:: EXERCISE PROMPT ::
With the pictures left out, repeat every entry that follows exactly.
Top of DATA RECORDS
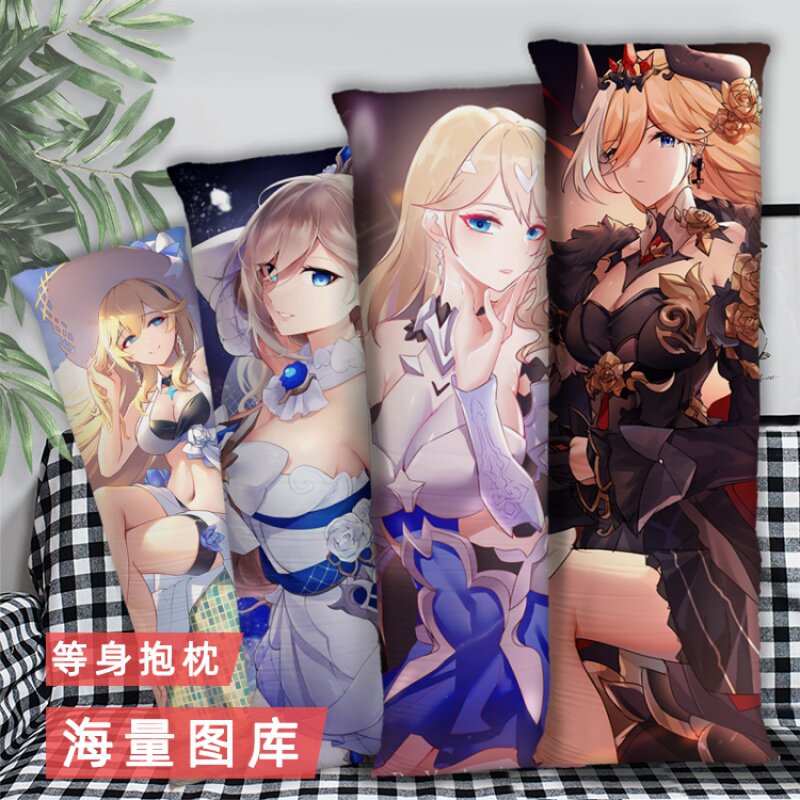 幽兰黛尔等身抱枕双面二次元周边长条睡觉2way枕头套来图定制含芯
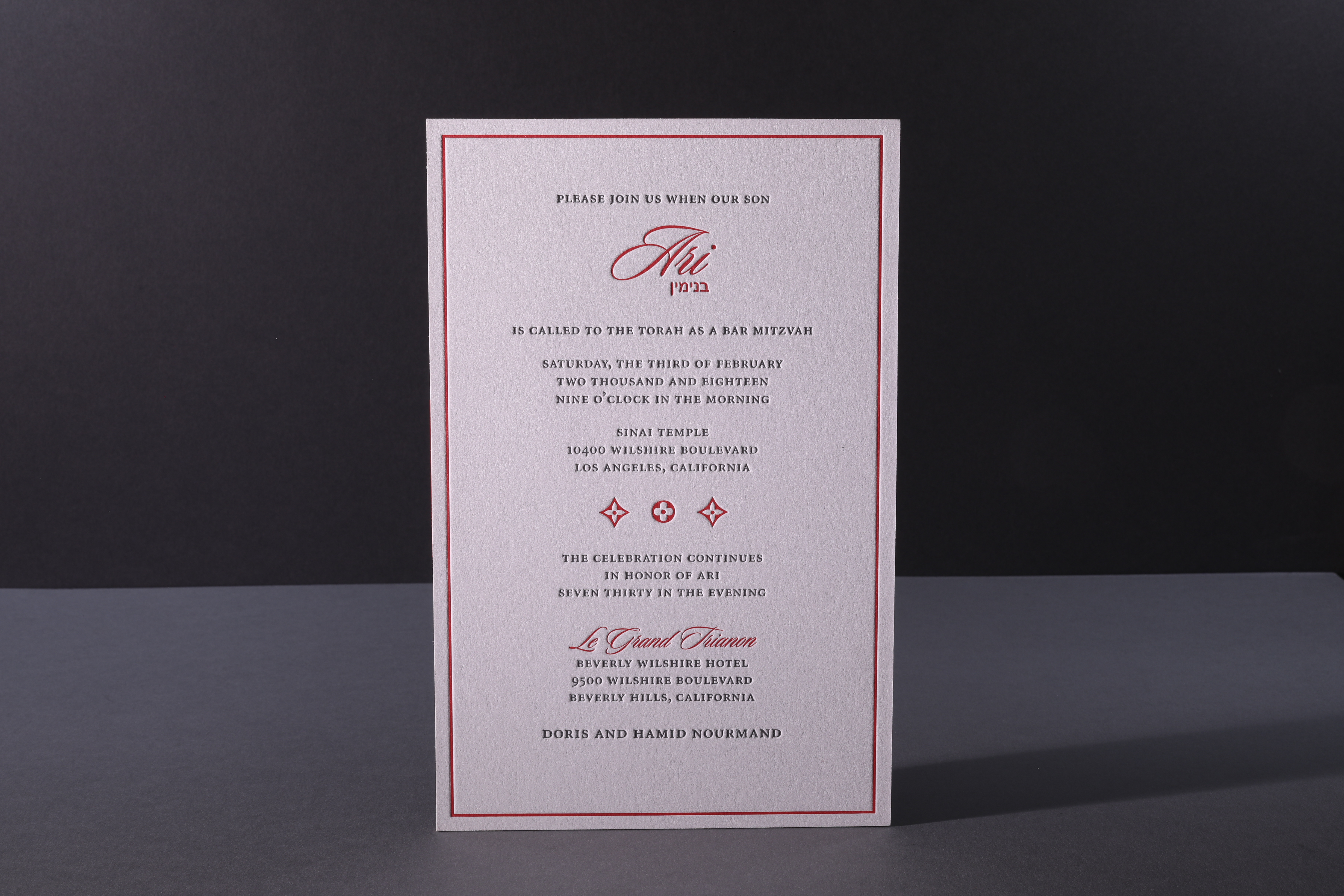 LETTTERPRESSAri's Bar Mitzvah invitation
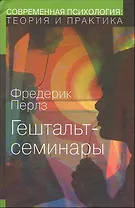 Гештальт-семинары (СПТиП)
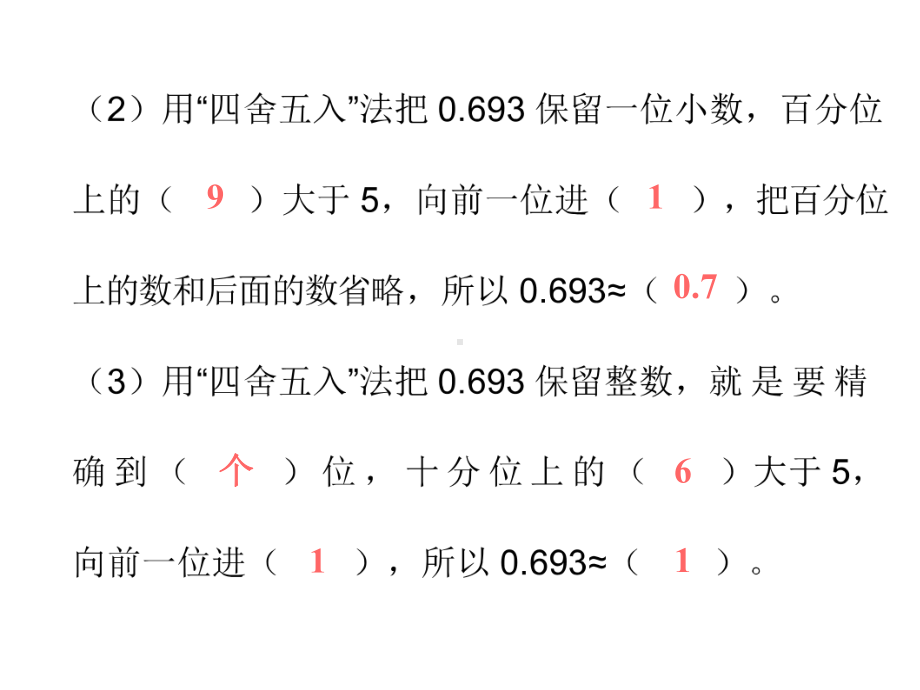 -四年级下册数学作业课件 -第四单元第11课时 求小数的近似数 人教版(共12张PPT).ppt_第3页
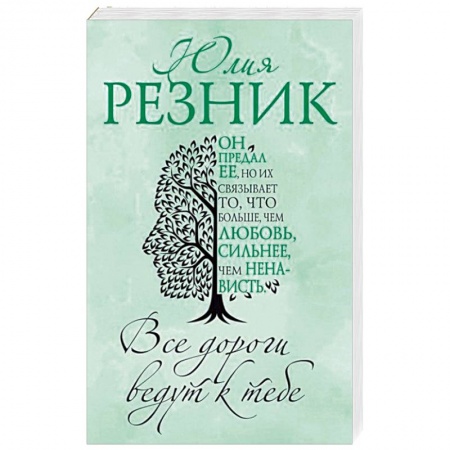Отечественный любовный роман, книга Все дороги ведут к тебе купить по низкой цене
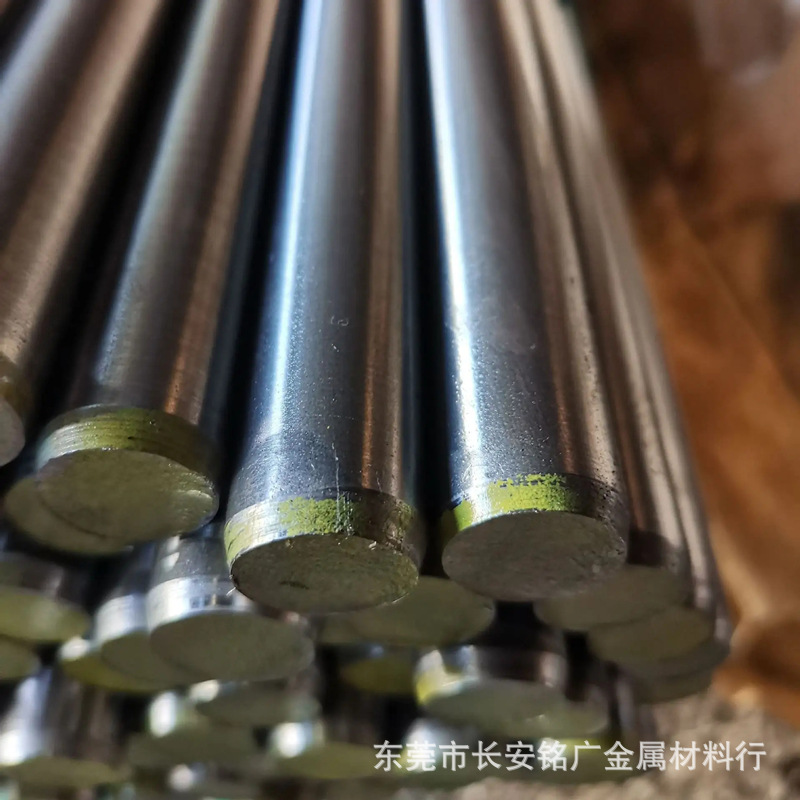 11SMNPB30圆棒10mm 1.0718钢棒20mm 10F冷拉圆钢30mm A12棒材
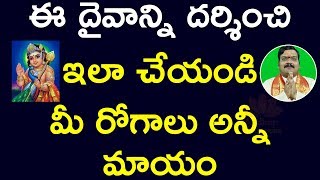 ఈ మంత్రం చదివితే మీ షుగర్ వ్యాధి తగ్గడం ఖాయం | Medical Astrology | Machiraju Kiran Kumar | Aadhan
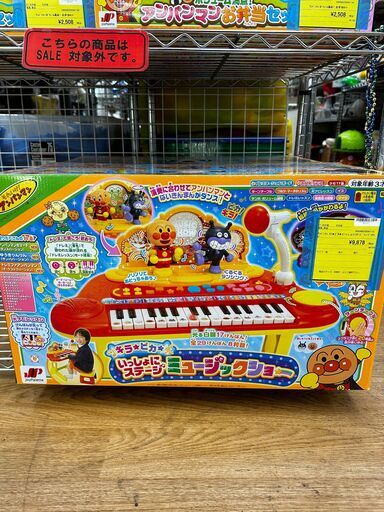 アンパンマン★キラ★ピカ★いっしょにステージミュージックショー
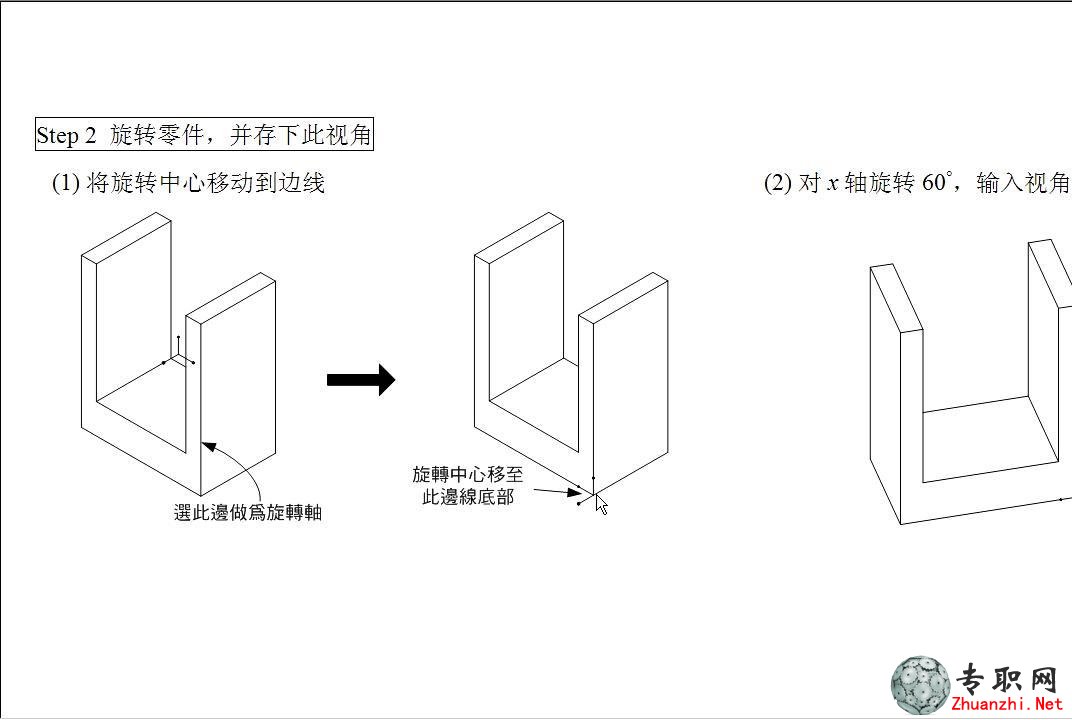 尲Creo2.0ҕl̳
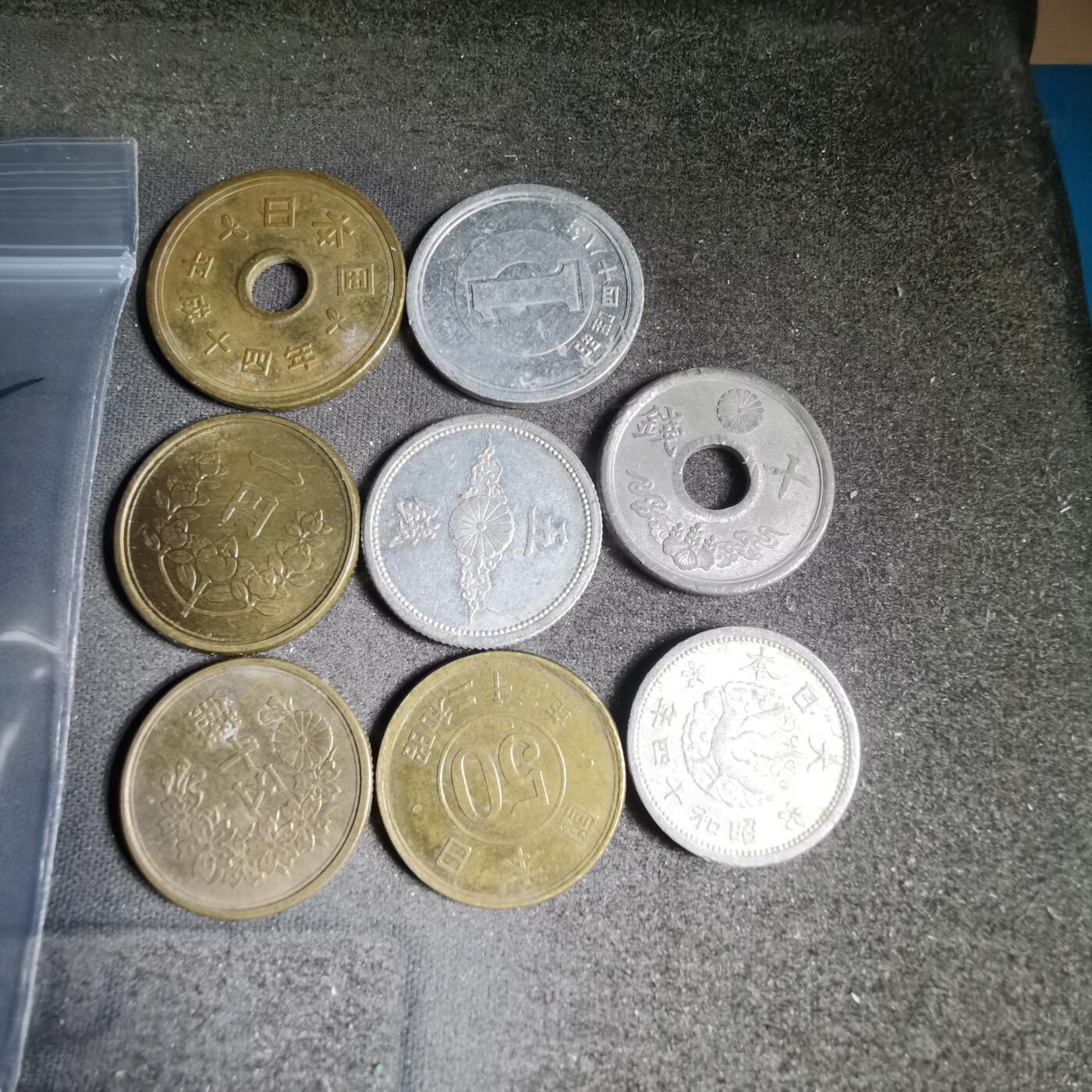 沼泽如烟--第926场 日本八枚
Bottom of DATA RECORDS
:: EXPECTED ANSWER ::
 幽兰黛尔等身抱枕双面二次元周边长条睡觉2way枕头套来图定制含芯
 LETTTERPRESSAri's Bar Mitzvah invitation
 Гештальт-семинары (СПТиП)
 -四年级下册数学作业课件 -第四单元第11课时 求小数的近似数 人教版(共12张PPT).ppt_第3页
Отечественный любовный роман, книга Все дороги ведут к тебе купить по низкой цене
 11SMNPB30圆棒10mm 1.0718钢棒20mm 10F冷拉圆钢30mm A12棒材
 ఈ మంత్రం చదివితే మీ షుగర్ వ్యాధి తగ్గడం ఖాయం | Medical Astrology | Machiraju Kiran Kumar | Aadhan
 アンパンマン★キラ★ピカ★いっしょにステージミュージックショー
 尲Creo2.0ҕl̳
 沼泽如烟--第926场 日本八枚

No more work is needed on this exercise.